You are viewing a plain text version of this content. The canonical link for it is here.
Posted to user@flink.apache.org by Johan Rask <jo...@flapsdown.se> on 2019/11/17 12:42:58 UTC

Hdfs -> hdfs ends up with .progress files

Hi!

I am quite new to Apache Flink but we have been evaluating it for some
weeks to read from kafka and transform and write to hdfs. With kafka to
hdfs with exactly-once configured this works as expected but when we
replace the source with kafka to hdfs files hangs in .in-progress.

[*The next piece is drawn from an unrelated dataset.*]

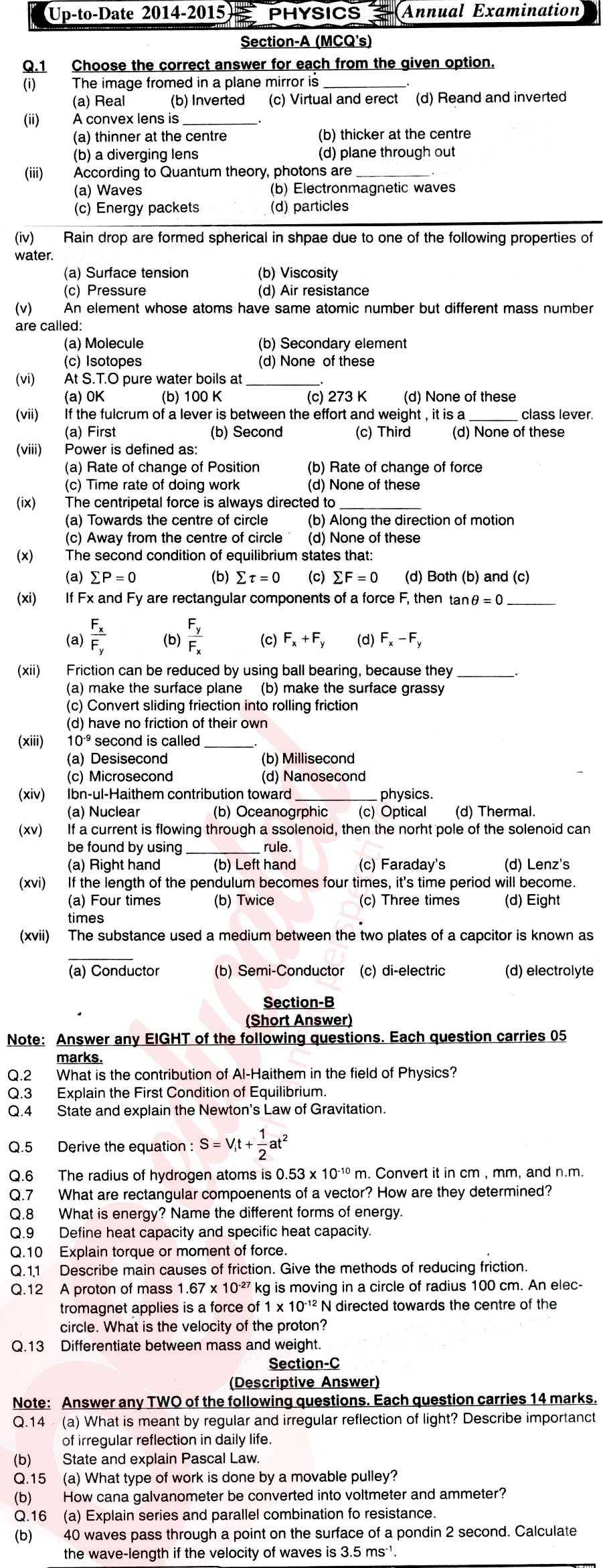 Physics 10th English Medium Past Paper Group 1 BISE Sukkur 2015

We first experienced this also with kafka but after properly configuring
checkpoints we got expected results.

We have simply changed kafka source to hdfs source and kept streaming mode
although this is obviously a bounded data set so there might be some issue
with this that we do not understand.

Any help with this is highly appreciated!

Regards /Johan Rask

I have created a small gist of our program here
https://gist.github.com/jrask/ef4a8531b0563f1420ce276e7b0f59ce

And I also copy of the gist here.

 public static void main(String[] args) throws Exception {

        final StreamExecutionEnvironment env =
StreamExecutionEnvironment.getExecutionEnvironment();
        env.setStreamTimeCharacteristic(TimeCharacteristic.EventTime);
        env.enableCheckpointing(TimeUnit.MINUTES.toMillis(1),
CheckpointingMode.EXACTLY_ONCE);
        env.setStateBackend(new
FsStateBackend("hdfs://<server><dir>/checkpoints",true));
        env.getCheckpointConfig().setTolerableCheckpointFailureNumber(1);

        StreamingFileSink<JsonObject> hdfsSink = StreamingFileSink
                .<JsonObject>forRowFormat(new
Path("hdfs://<server>/<dir>"), new SimpleStringEncoder<>("UTF-8"))
                .withBucketAssigner(new
EventTimeDateTimeBuckerAssigner<>("'/year'=YYYY/'month'=MM/'day'=dd/'hour'=HH"))
                .build();

        env.readTextFile("hdfs://<server><dir><file>")
            .map(Parser::parse)
            .addSink(hdfsSink);

        env.execute("some-pipeline");
    }


hdfs -> hdfs results in the following. However if I use kafka as
source, it works properly.

rw-rw----+  3 someuser supergroup   87792789 2019-11-16 20:57
/data/some_dir/year=2019/month=05/day=21/hour=23/.part-0-62.inprogress.8f9c6104-4c6c-4eee-8650-dd5d1d12d668
-rw-rw----+  3 someuser supergroup   64696413 2019-11-16 20:58
/data/some_dir/year=2019/month=05/day=21/hour=23/.part-0-63.inprogress.42589a04-601b-496d-ae20-7db1d56089dc

... rest is removed for clarity